Aunque la visión eurocèntrica de Weber
que ubicó la génesis del capitalismo exclusivamente en Europa y no con un
entramado mundial aparejado al colonialismo y al imperialismo, su obra fue un
aporte sin duda al desarrollo de la sociología. Revisando la obra desde los
ojos actuales ávidos de una renovación de las ciencias sociales, se puede
considerar el hecho de la diversas enumeraciones que hizo el autor (aunque
dentro de las coordenadas eurocéntricas y judeocristianas) sobre la concepción
del trabajo y de la economía precapitalistas que no dudó en tildar como
tradicionales, frenadoras y obstáculos que tuvo que sortear la ética ascética
racionalista calvinista. Sin embargo,
siempre fue enfático que muchas culturas, etnias y confesiones tenían una
concepción del trabajo como fuente de
subsistencia, alejadas del trabajo como fin en sí mismo y como lucro.
En este sentido, se puede revisar y
estudiar todas esas concepciones en los pueblos ancestrales, afrodescendientes
y en los nuevos movimientos sociales pero quitándoles el rótulo discriminador y
colonialista de “tradicionales” como lo hizo Weber. De este modo, se estaría
analizando nuevos rumbos para una sistema económico sustentable y alternativo
al capitalismo.
La metodología holística y modesta
aplicada por Weber también puede ser un dispositivo que se puede actualizar
para una refundación de las ciencias sociales desde el sur, en el sentido que
el autor no se limitó a lo ideográfico y combinó métodos comparativos, sus
tipos ideales (búsqueda de estructuras invariantes), pero aplicando hermenéutica
local e histórica de la cotidianidad para dar con esos códigos que forjan
conciencia colectiva y determinan las acciones sociales, sin dejar de considerar que son recreadas permanentemente
y se van depurando hasta dar con un tejido social totalmente distinto tal como
lo sugiere el sociólogo mexicano De La Garza. Weber subrayó que los tipos ideales son
modelos estructurales de la sociedad que solo sirven de carácter metodológico
pero que nunca deben ser considerados como fiel reflejo de la realidad.

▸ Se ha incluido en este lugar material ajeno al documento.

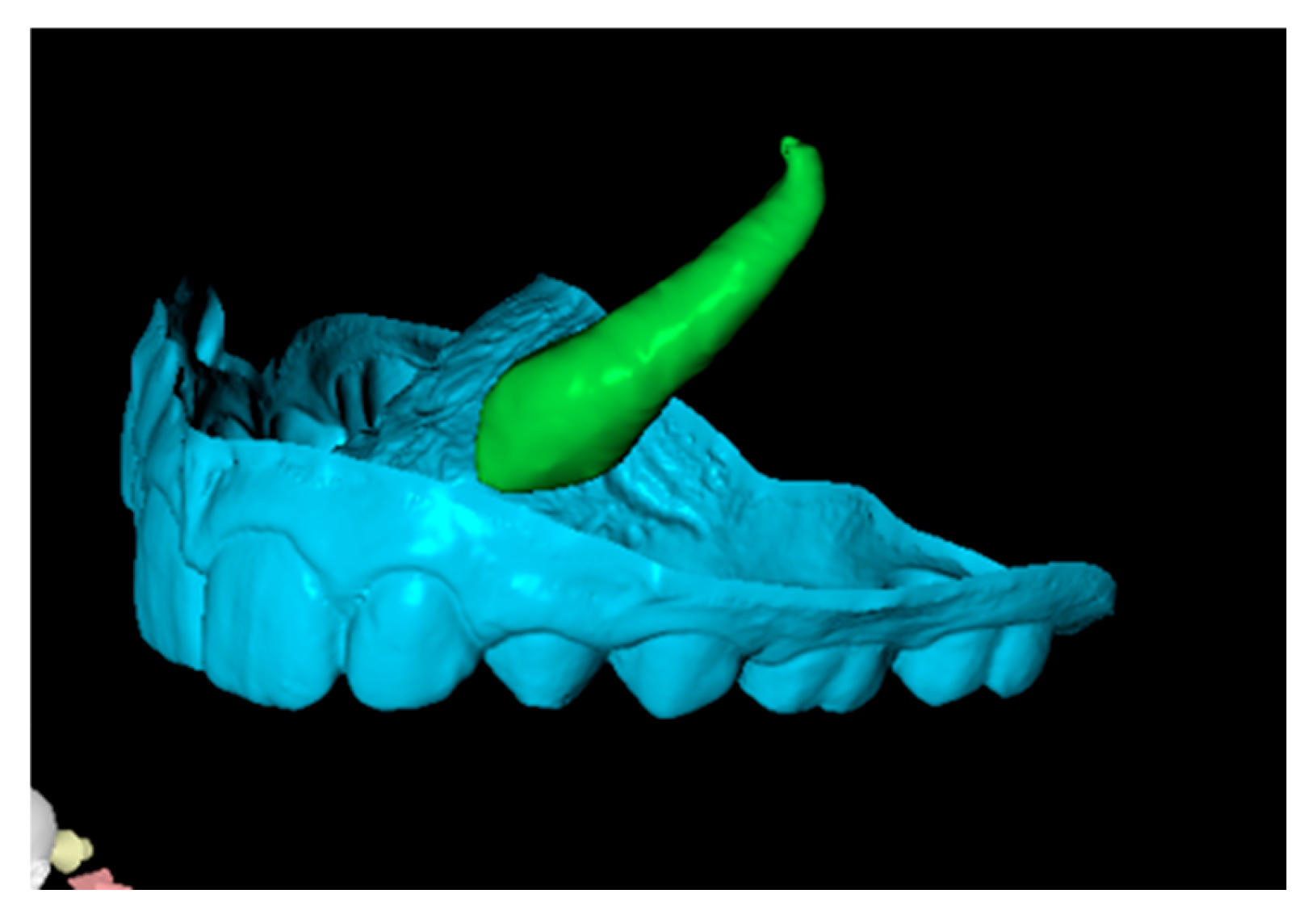 Dentistry 13 00286 g005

No se puede concluir este análisis sin
preguntarse, que hubiese ocurrido si Weber se hubiese guiado por el
metodologismo actual donde son excluyentes los enfoques estructurales,
positivistas, hermenéuticos, racionalistas e ideográficos: Nunca hubiese
desarrollado su tesis, sin el aporte significativo que tuvo. Mucho menos si se
hubiese orientado por la lógica disciplinar: ¿cómo relacionar la teología, la
psicología, lo cultural, lo social y lo económico?... No hubiese podido desarrollar
su tesis en muchas de nuestras universidades actuales que tanto pregonan la
transdisciplinariedad.
Finalmente, al revisar la obra “La
ética protestante y el espíritu capitalista” es necesario preguntarse cómo las
tendencias espirituales al estilo la nueva era, la cienciología, la metafísica
práctica, oración fuerte al espíritu santo, y otras vertientes eclécticas han favorecido
este nuevo capitalismo globalizado y superindividualista ¿Qué papel juegan ese
mercadeo cultural de horóscopos, autoayuda, dianética, cienciología, metafísica
pràctica en la construcción de una nueva ética capitalista donde la división
producto/consumidor/productor se desdibuja? Un código ético que día a día por
medio de los medios culturales nos invita a ser mercancías y mercadólogos de
nosotros mismos, a independizarnos de cualquier organización, de constituir un
negocio desde nuestra computadora o teléfono inteligente donde somos mercancía,
productores, mercadólogos y consumidores al mismo tiempo. ¿Hay un código ético
allí, un nuevo estándar favorecido por esas nuevas corrientes religiosas? Es preciso investigar como lo hizo hace cien
años Max Weber, pero con una visión menos eurocéntrica.
Fuente:
Weber, Max. (2009, orig. 1904-1905). La ética protestante y el
espíritu capitalista. (Abellán, J. Trad.). Madrid: Alianza Editorial.